#1 「マッドサイエンティストが夢見ていた世界システム」ニコラ・テスラ

非常識人列伝

世界を動かした非常識人列伝 第1話

ニコラ・テスラ(1856〜1943)
クロアチア生まれの発明家

1901年、ロングアイランドに建てられた57メートルの巨大な鉄塔を見て、周囲の人たちはきっと腰を抜かしたことでしょう。しかし、本当に驚くのはその鉄塔が建てられた目的を知ったときでした。「電波のように、電気をワイヤレスで世界中に送るシステムを作るための実験塔なのだ!」と意気揚々と語ったであろう人物はクロアチア生まれの発明家、ニコラ・テスラ。「20世紀を発明した男」として、名声を欲しいままにしていた発明家が言うのだから、と周囲の期待は目の前の鉄塔のように高くなる一方でした。

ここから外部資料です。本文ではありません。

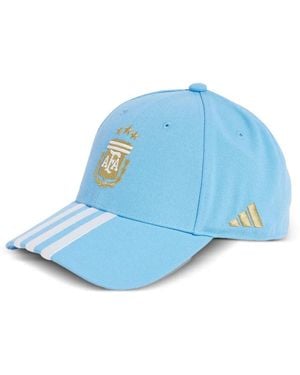 adidas Argentina Baseball Cap - Blue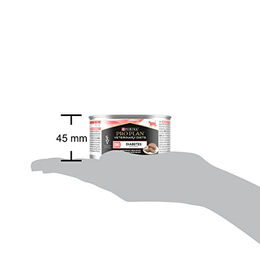 Purina Pro Plan Veterinary Diets Feline DM Weight Management Mousse Diät-Alleinfuttermittel für ausgewachsene Katzen zur Gewichtskontrolle und Unterstützung der Verdauung – Bild 1 von 7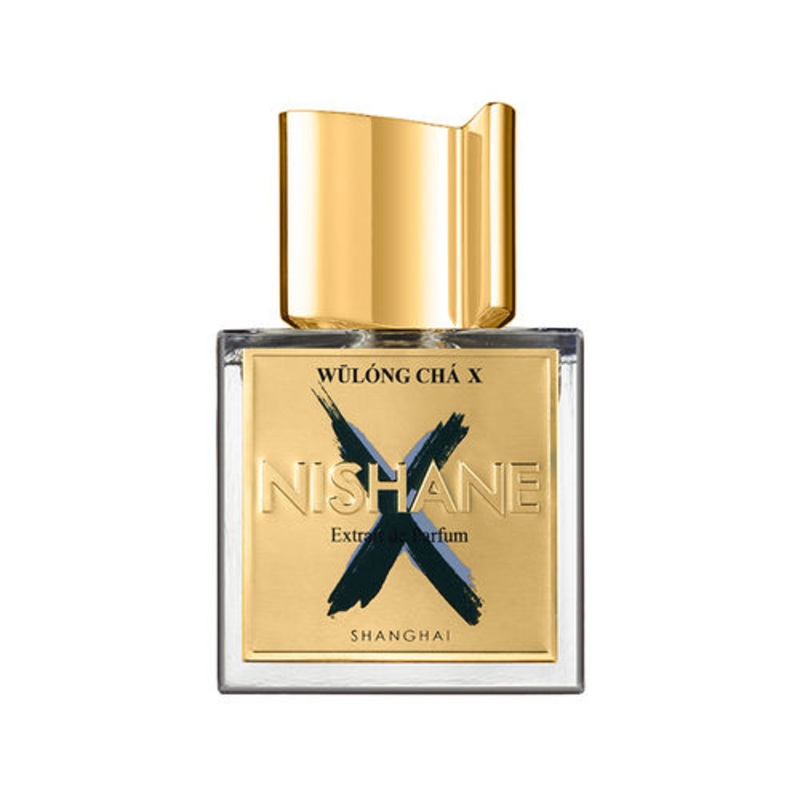 Nishane – Wulong Cha X – Extrait De Parfume 100ml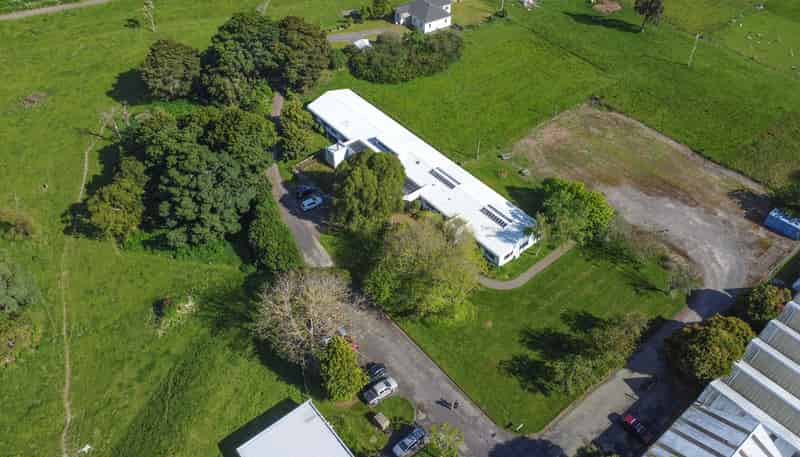  Aviation Way, Palmerston North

しかし、この大胆な夢への挑戦がテスラのケチの付き始め。何年経っても結果が出ず、出資者との関係も悪化。さらに第一次世界大戦が始まると、巨大なタワーは攻撃のわかりやすい標的にされたりして、やがて撤去されてしまうのです。

現代社会の電力システムの礎となっている交流電流による仕組みを考え、蛍光灯やリモートコントロール、熱伝導、無線操縦、太陽発電などを発明した世紀の天才・テスラは、以後、坂道を下るような人生を送り、1943年にはニューヨークのホテルの一室で孤独な死を迎えてしまいます。

晩年、マッドサイエンティストと揶揄されたステラ。痩せ衰えた身体で公園に出かけては、ハトと話すことを唯一の楽しみにしていたと言います。彼がハトに語りかけていたのは、過去の自分の栄光なのか、それとも、果たせなかった世界システムの夢なのか……。自分を信じてとてつもない発明をし、自分を信じて人生に翻弄された、そんな天才に今再び注目が集まり始めています。